**ASSIGNMENT**.
Below is a listing; retype exactly the lines between the one containing "Costume da bagno" and the one containing "Cargar imagen en", inclusive, minus the pictures.

**INFORMATION SHOWN**.
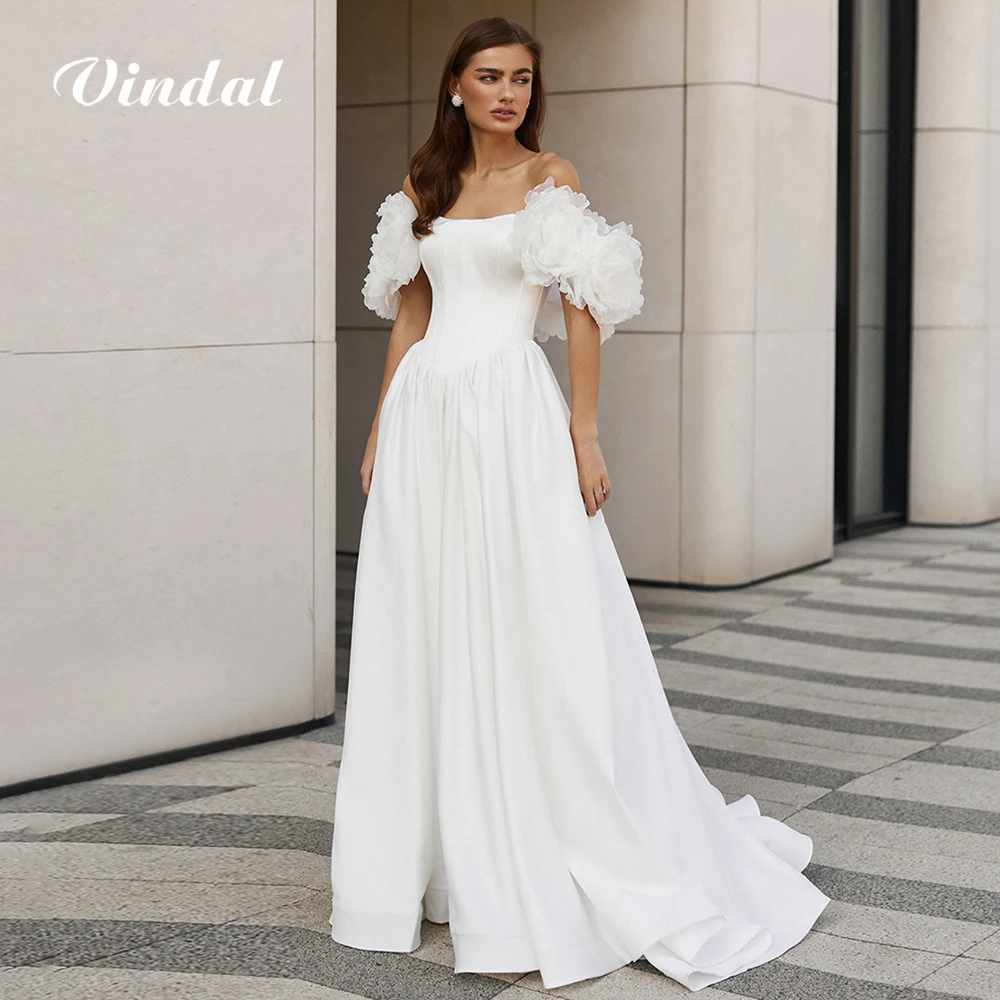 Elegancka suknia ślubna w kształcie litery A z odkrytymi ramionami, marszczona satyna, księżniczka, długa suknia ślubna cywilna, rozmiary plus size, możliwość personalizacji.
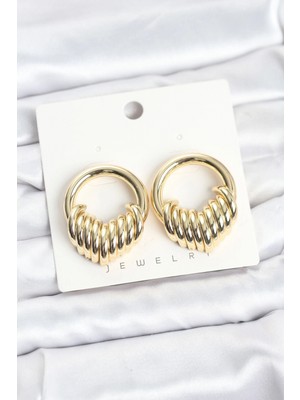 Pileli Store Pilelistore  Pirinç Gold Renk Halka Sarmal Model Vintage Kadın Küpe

---

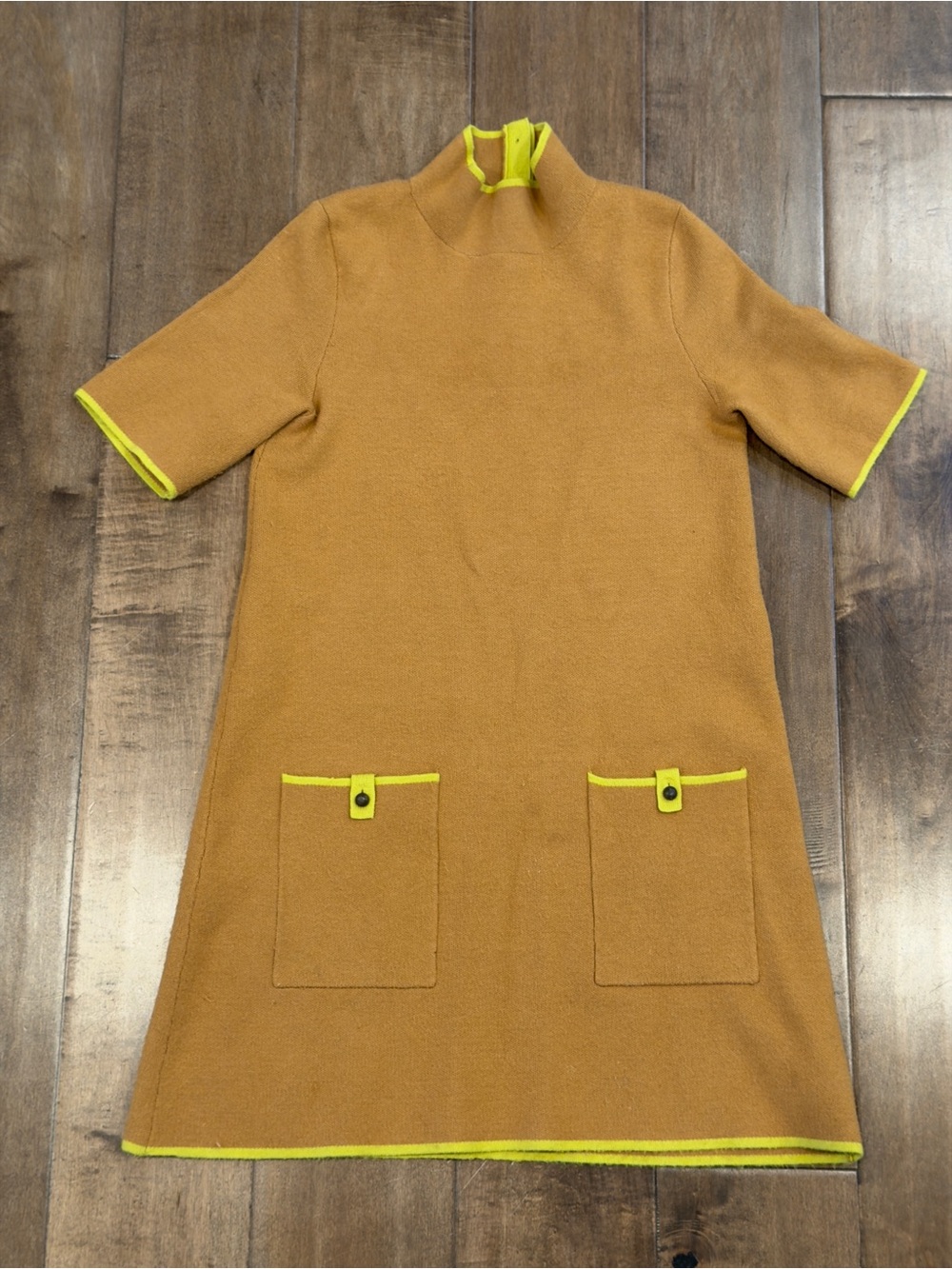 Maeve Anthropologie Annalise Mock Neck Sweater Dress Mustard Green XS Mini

---

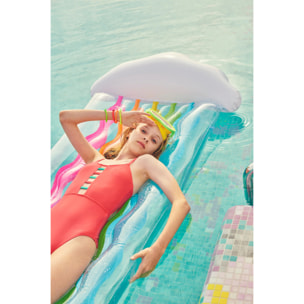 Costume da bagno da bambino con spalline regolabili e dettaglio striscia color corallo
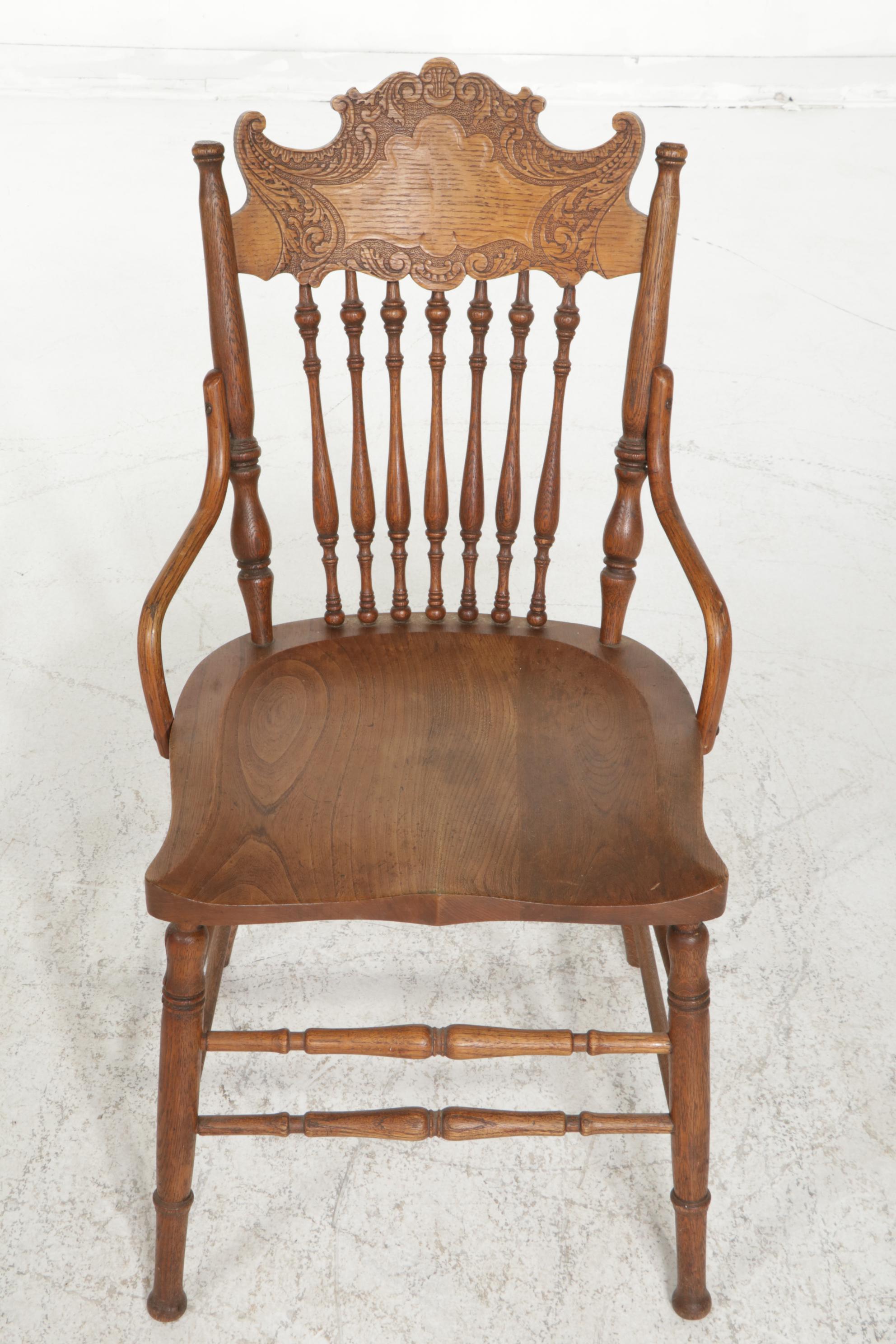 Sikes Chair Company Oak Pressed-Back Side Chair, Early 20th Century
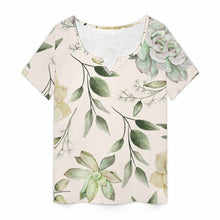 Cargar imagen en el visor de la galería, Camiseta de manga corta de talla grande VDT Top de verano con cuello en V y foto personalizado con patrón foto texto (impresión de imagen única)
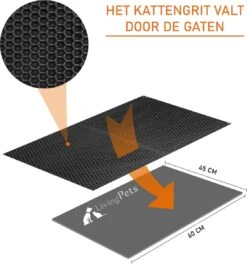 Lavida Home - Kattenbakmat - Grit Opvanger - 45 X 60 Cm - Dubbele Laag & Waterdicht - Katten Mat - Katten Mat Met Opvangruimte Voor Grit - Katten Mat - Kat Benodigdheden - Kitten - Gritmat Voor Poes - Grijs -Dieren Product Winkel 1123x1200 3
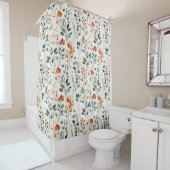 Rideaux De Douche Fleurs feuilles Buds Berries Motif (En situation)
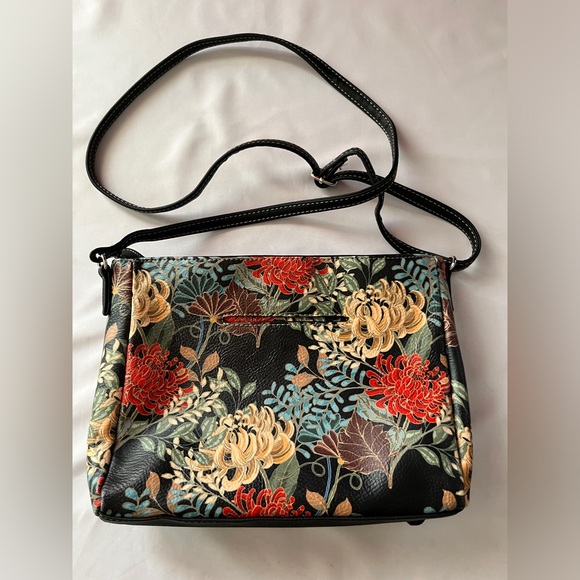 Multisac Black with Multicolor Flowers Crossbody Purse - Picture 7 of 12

**TASK OUTPUT**.
 Costume da bagno da bambino con spalline regolabili e dettaglio striscia color corallo
 Sikes Chair Company Oak Pressed-Back Side Chair, Early 20th Century
 Cargar imagen en el visor de la galería, Camiseta de manga corta de talla grande VDT Top de verano con cuello en V y foto personalizado con patrón foto texto (impresión de imagen única)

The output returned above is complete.